> _SUPPLIED RECORDS_
┄┄┄┄┄┄┄┄┄┄┄┄┄┄┄┄┄┄┄┄

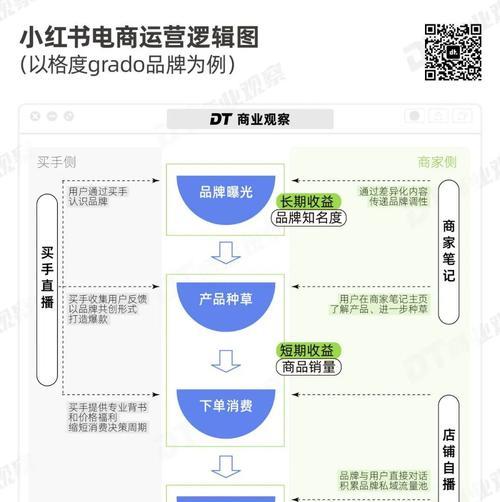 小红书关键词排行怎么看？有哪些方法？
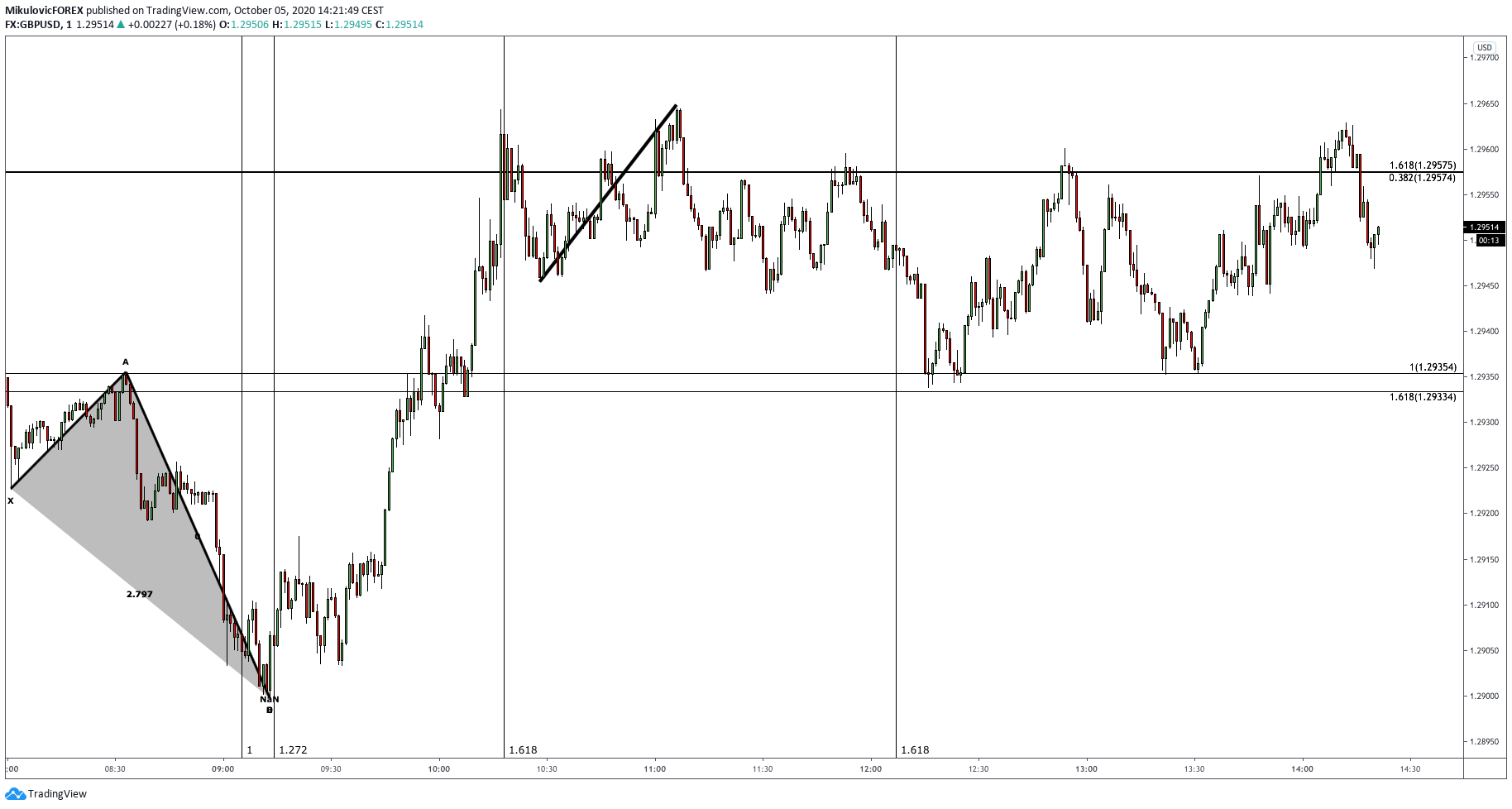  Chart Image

┄┄┄┄┄┄┄┄┄┄┄┄┄┄┄┄┄┄┄┄

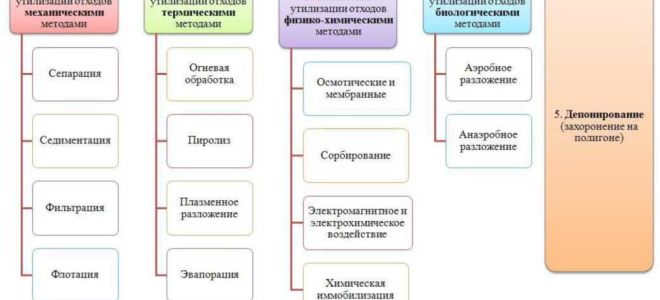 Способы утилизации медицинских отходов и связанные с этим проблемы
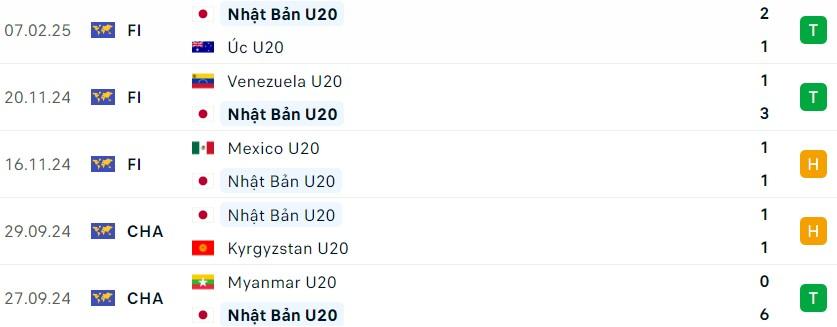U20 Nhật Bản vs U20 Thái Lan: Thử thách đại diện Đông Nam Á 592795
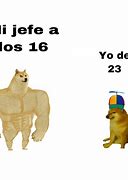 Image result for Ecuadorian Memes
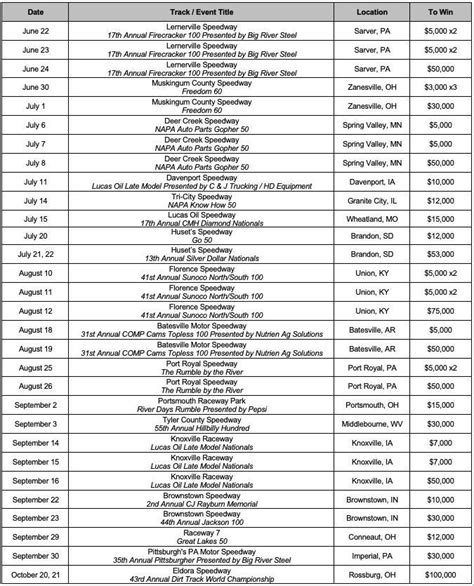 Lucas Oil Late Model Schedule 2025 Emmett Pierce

┄┄┄┄┄┄┄┄┄┄┄┄┄┄┄┄┄┄┄┄

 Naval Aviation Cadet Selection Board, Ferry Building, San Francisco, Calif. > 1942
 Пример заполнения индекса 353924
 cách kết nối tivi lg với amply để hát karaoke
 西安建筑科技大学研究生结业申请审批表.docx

┄┄┄┄┄┄┄┄┄┄┄┄┄┄┄┄┄┄┄┄

> _YOUR GOAL_
In the listing above, find the line with "Способы утилизации медицинских" and output it and every line after it up to and including the line with "Lucas Oil Late", exactly, minus the pictures.

> _SOLUTION_
 Способы утилизации медицинских отходов и связанные с этим проблемы
U20 Nhật Bản vs U20 Thái Lan: Thử thách đại diện Đông Nam Á 592795
 Image result for Ecuadorian Memes
 Lucas Oil Late Model Schedule 2025 Emmett Pierce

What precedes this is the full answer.